Maybe that is also why Ya’akov Avinu was denied the opportunity to tell his sons, the 12 Tribes, how redemption would unfold. It may not only be that they were not fully worthy to know such secret information in advance. It could have been that redemption, by definition, is the result of a mysterious process of exile. It’s just the way it is when it comes to exile and redemption.
Thus we see Moshe Rabbeinu having a difficult time with the exile-to-redemption process as well. After demanding that Pharaoh release the Jewish people from bondage, and watching their slavery increase instead, Moshe complained bitterly to G–D. But, instead of empathizing with Moshe for such difficult circumstances, He reprimanded him instead, and denied Moshe the opportunity to later lead the Jewish people into Eretz Yisroel.
Thus another name for Seder Zerayim, the part of the Talmud that deals with the laws of agriculture, is “Sefer Emunah,” the “Book of Faith.” After planting the seed, the only thing left to add to make it grow is emunah—faith in G–D, for the rain, and for a sprout that grows healthily. All we can do is to stare at the ground and look for the signs that all is well as we anxiously wait for the fruits of labor—literally.
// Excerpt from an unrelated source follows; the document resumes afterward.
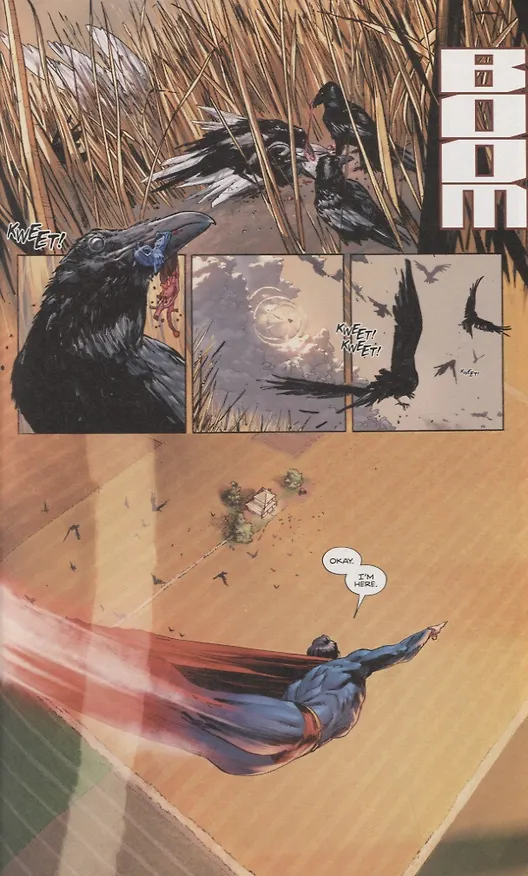 Книга Heroes in Crisis (Tom King, Clay Mann) — 5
But once it DOES sprout, then there is what to get excited about. There are things WE can do to assist the fledgling plant grow into a mature stalk. And there are preparations to be made so that when harvest time finally comes around, we are ready.
The same thing is true of redemption as well. Once it begins to “sprout,” as it did according to the Zohar in 5500, there is reason to get excited. The Vilna Gaon did, and instructed his students regarding what to do to make it flourish. Granted, it can still be a fair bit of time until the time for “harvesting” arrives, but there are plenty of things we CAN and SHOULD do to expedite the process.
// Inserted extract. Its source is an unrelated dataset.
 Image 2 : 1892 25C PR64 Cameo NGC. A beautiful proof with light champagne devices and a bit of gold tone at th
That is because just waiting for a plant to grow can be risky. Just because a plant has managed to break through the ground and show itself to the world does not mean that it no longer requires nurturing. It usually does, and to not provide what it needs can end up allowing a crop to fail, even after it showed such promise.
The same thing is true abut redemption. Obviously G–D can do whatever He wants in whatever way He wishes to do it. He chooses to allow us to play a role in the redemption process, and makes it occur in a way that we can. And to such an extent, that if we DON’T participate as we should, redemption can have extra glitches, or be postponed indefinitely.
This is why G–D has Moshe Rabbeinu tell the Jewish people about the Korban Pesach, and about putting the blood on the doorposts the night of the tenth plague. They may seem only like rituals to us, but they were part of nurturing the redemption through its final growth process, until the actual redemption occurred.
Not everyone at that time did what they should have. Consequently, only one-fifth of the Jewish population—only ONE-FIFTH—were able to reap the bounty of redemption when it finally came. The other FOUR-FIFTHS died in the Plague of Darkness because, when it comes to a redemption that MUST R Woccur and cannot be postponed, then it is the unworthy who are pushed off beforehand.
And as Rava said, “It will be likewise at the time the Final Redemption as well” (Sanhedrin 111a). Redemption has sprouted. It’s time to nurture it.
CTD#14: What Does G–D Say?
POLITICS. IT’S ALL about power. It’s about control. I am reminded of this once again as our local community hits the polls to choose a new mayor.
The last mayor died in office. He wasn’t well to begin with, but those who knew him well were certain that the politics did him in. He had a heart attack the same day he had faced down some less-than-friendly local pressure. Who can know for sure, since it’s pretty much decided by Heaven who dies, when, and how.
It’s a little different in the Charedi world than in other sectors of the population, though. In secular politics, G–D rarely enters the voting picture. In “frum” politics, He’s invoked all over the place. Either one side or the other, or both, work hard to give voters the impression that choosing the other guy is not only a bad decision, it is an even evil.
It could be, especially if one candidate is for Torah and the other one is against it. Or, if one wants to uphold time-honored Torah traditions and the other wants to revamp them. But, what happens if both candidates have Torah agendas? What then?
The truth is, the winner of the election was already decided back at the beginning of Creation. It was already built in, as is the case with respect to every electoral victor. We may THINK it comes down to our vote, but it really doesn’t. The person whom G–D has chosen to put into office will get in, for our good or bad, and the one who is not meant to get in, won’t.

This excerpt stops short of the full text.